Short web captions:

· · · · ·

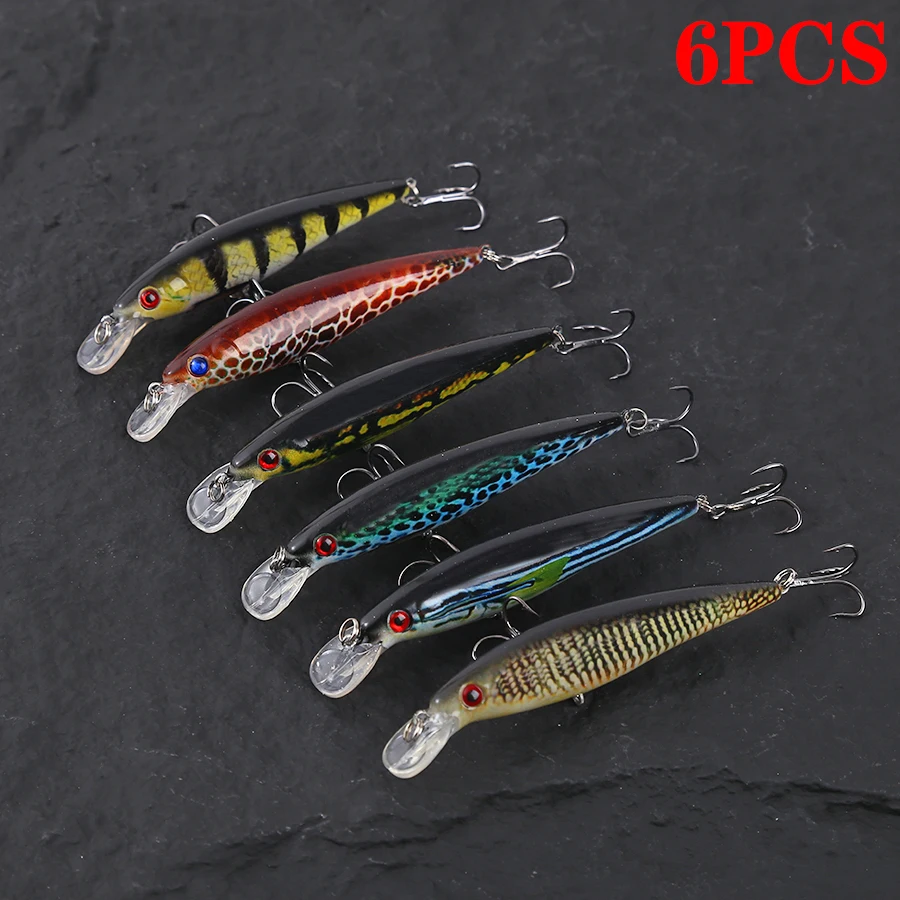 6 uds Jerkbait Minnow Crankbaits juego de Señuelos de Pesca aparejos cebo duro Wobblers artificiales para Lucio Trolling ojos 3d peces Swimbait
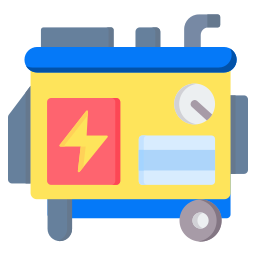 A yellow and blue generator with a lightning bolt on it.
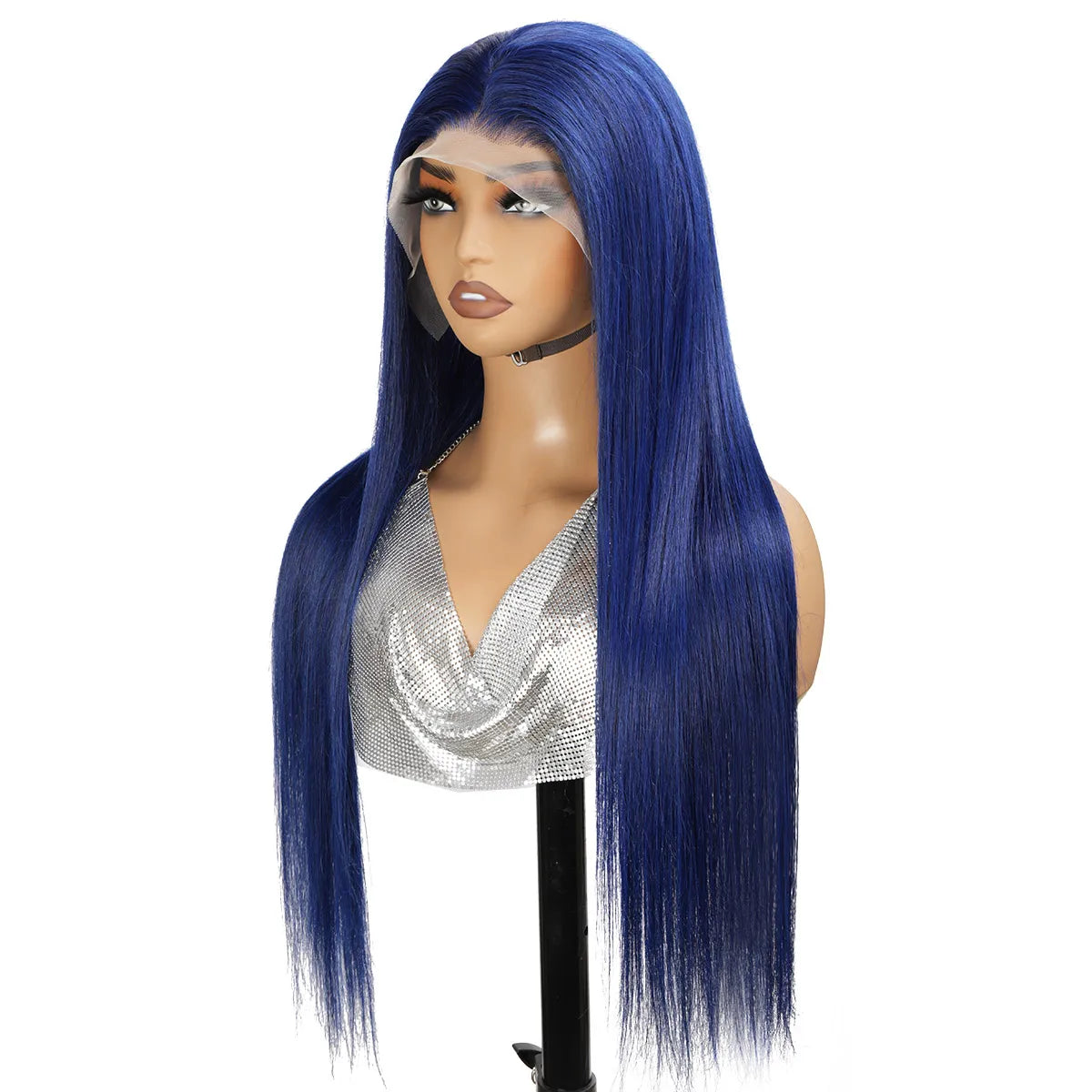 Dark Blue Lace Front Human Hair Wigs Preplucked Brazilian Bone Straight 13x4 Wig Bleached Knots Remy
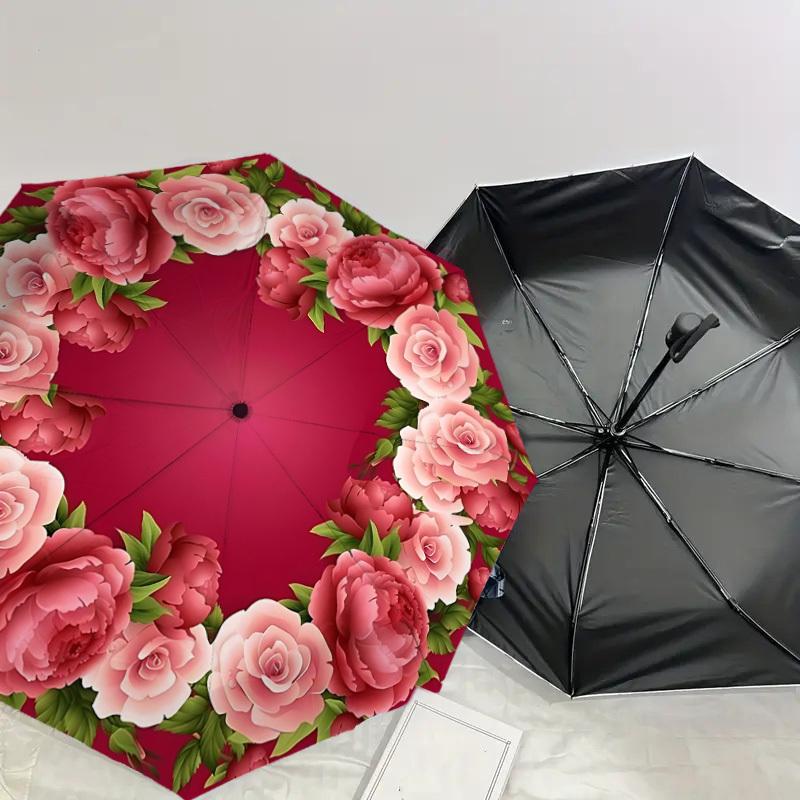 1PC Floral Wreath Umbrella-8-Rib Reinforced, Automatic Open, Lightweight & Durable, Cute Fashion Accessory for Outdoor-T164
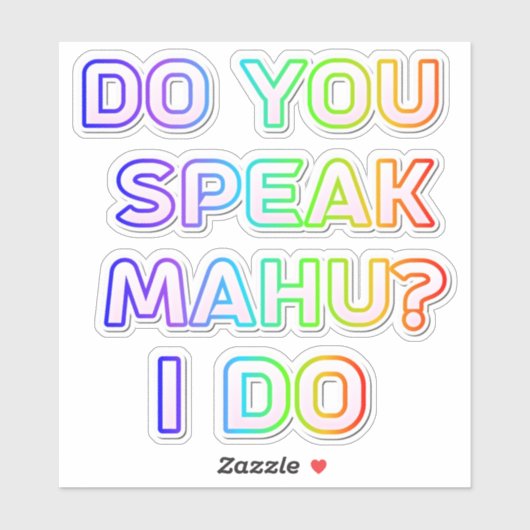 Spreek je mahu? sticker (Vel)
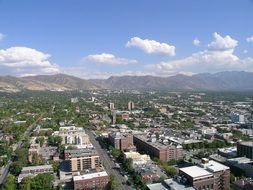 downtown top view, usa, utah, salt lake city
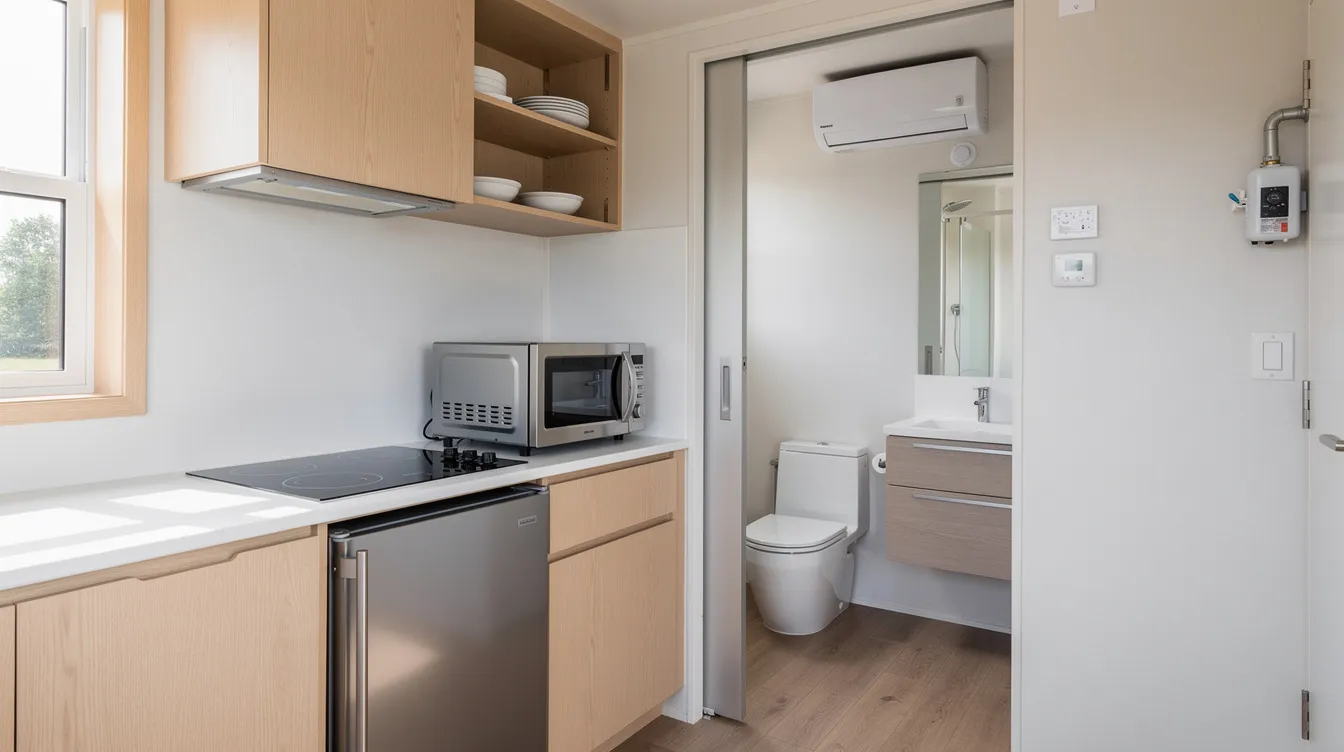 104965a515794498a1a699df3e45e4ef The image showcases a modern tiny home kitchen featuring compact appliances such as a half size refrigerator a two burner induction cooktop and a small countertop oven all designed for efficient tiny living The bathroom includes a low flow fixture and a composting toilet emphasizing space saving solutions and sustainable practices in tiny home design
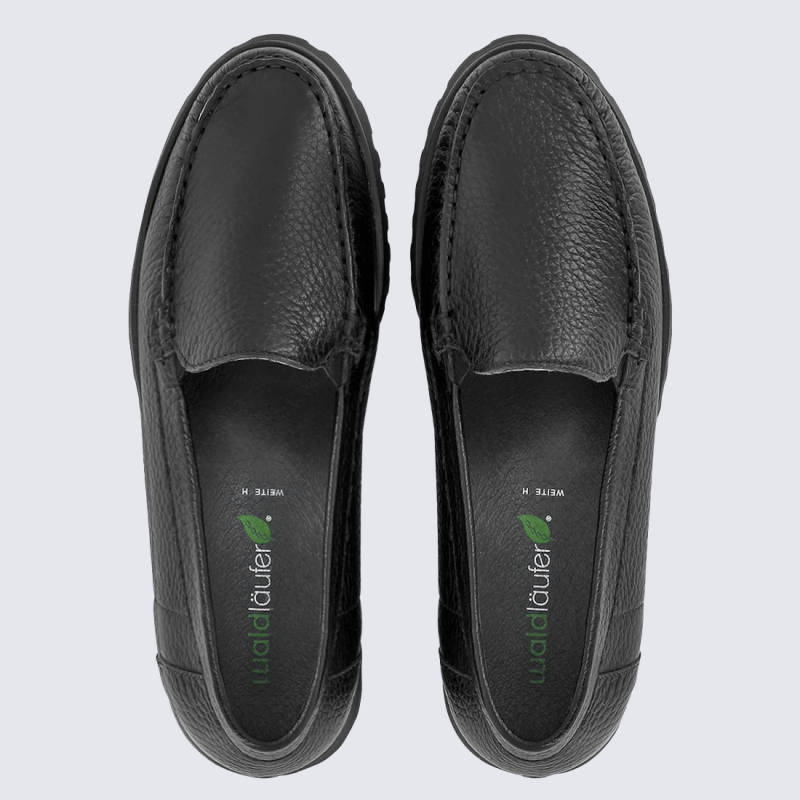 Mocassins Waldläufer, Mocassins confort et chic femme en cuir noir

· · · · ·

*Required action:*
Only the lines from the beginning of the records through the line bearing "downtown top view, usa, utah, salt lake city" belong in the answer, copied word for word with pictures left out.

*Completed exercise:*
 6 uds Jerkbait Minnow Crankbaits juego de Señuelos de Pesca aparejos cebo duro Wobblers artificiales para Lucio Trolling ojos 3d peces Swimbait
 A yellow and blue generator with a lightning bolt on it.
 Dark Blue Lace Front Human Hair Wigs Preplucked Brazilian Bone Straight 13x4 Wig Bleached Knots Remy
 1PC Floral Wreath Umbrella-8-Rib Reinforced, Automatic Open, Lightweight & Durable, Cute Fashion Accessory for Outdoor-T164
 Spreek je mahu? sticker (Vel)
 downtown top view, usa, utah, salt lake city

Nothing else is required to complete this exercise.